I offered to go to counseling with her because i really want to see what the issue is. I went once with her and I think the doc agreed with me on several issues. She just does not regard some things as important, like paying taxes, which she has not done for going on 4 yrs now. I told the doc I DO have a problem signing on for bankrupcy with her. She has no idea how much money she makes, spends, owes the gov't, etc. Doc told her to get her **** together and get an accountant. Never happened. I had my accountant do them last time wtih 3 yrs behind. 

In my own right, I think someone could see that I have some very valid concerns here but I personally think there is something worth working on but I see no point in wasting my time if she cannot try to meet me in the middle.

Regarding my resistance to marriage, I really think I have been waiting for years to see the her that I want to marry. She told me years ago that she was holding back and I would get so much more when we are married. I think it is a smoke screen. When we got engaged, NOTHING changed at all and should have. I have a lot of financial worries as well which she does not relate to. I seem to be a person that makes "business like" decisions and because we are both self employed, I don't want one to drag the other down with them. My business is not insured or incorpoerated.


----------



## bobsmith (Oct 15, 2012)

I thought I might update anyone interested. My fiance went to her doc today for an hour. So I simply asked her about it when she got home. I really don't know what to do right now so I am trying to talk to her. 

She really did not say much other than she feels trapped and financially unstable with me. there is some serious drama regarding our property purchase because we both have money in it and she will need money if she moves. 

She decided to go out with her friend for the evening. Not to be nosy but I did glance in her jewlery and did not see our engagement ring so I am hopeful she is wearing it. 

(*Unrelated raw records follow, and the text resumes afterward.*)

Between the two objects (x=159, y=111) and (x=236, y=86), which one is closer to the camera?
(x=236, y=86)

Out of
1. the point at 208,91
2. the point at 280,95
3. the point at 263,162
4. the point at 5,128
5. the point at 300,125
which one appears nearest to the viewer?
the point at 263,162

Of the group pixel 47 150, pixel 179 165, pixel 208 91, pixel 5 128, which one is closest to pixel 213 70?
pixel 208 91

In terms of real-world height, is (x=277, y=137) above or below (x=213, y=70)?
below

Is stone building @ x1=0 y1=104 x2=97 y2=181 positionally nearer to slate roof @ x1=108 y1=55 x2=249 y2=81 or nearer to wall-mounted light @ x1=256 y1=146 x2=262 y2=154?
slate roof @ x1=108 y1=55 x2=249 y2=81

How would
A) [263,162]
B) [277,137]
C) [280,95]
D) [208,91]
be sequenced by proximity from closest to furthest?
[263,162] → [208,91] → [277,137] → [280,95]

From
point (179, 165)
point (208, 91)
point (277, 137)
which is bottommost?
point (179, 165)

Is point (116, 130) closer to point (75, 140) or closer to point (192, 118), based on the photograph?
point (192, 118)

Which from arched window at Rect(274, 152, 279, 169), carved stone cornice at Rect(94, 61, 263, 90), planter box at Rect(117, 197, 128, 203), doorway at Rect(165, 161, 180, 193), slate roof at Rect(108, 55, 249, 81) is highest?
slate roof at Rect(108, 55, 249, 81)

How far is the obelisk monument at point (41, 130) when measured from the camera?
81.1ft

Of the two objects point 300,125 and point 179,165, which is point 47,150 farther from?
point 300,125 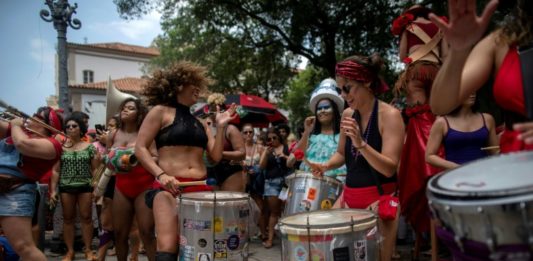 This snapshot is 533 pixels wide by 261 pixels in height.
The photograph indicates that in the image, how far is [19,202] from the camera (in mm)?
4031

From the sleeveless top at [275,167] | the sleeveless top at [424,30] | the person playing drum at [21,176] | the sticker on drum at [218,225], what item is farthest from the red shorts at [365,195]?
the sleeveless top at [275,167]

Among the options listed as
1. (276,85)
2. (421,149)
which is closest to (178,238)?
(421,149)

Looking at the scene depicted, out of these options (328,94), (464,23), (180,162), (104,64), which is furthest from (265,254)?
(104,64)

I am curious, and I know it might be wishing, but if there is even a chance, should I just give her space right now or do what I can to fix our issues? If it is over, I am still not sure how I am supposed to get this done. There is talks of her getting an apt but she has no claimed income for that. I already threw the house and property up for sale to show her I was not going to trap her but I am not sure if she sees that as pushing her out. 

I guess my heart is just broke in too many places to make sense right now. She told me not 2 months ago that we need each other and I would have to leave her this time. WTF happened? I have to wonder if she can flip flop like this, am I just asking for more pain here??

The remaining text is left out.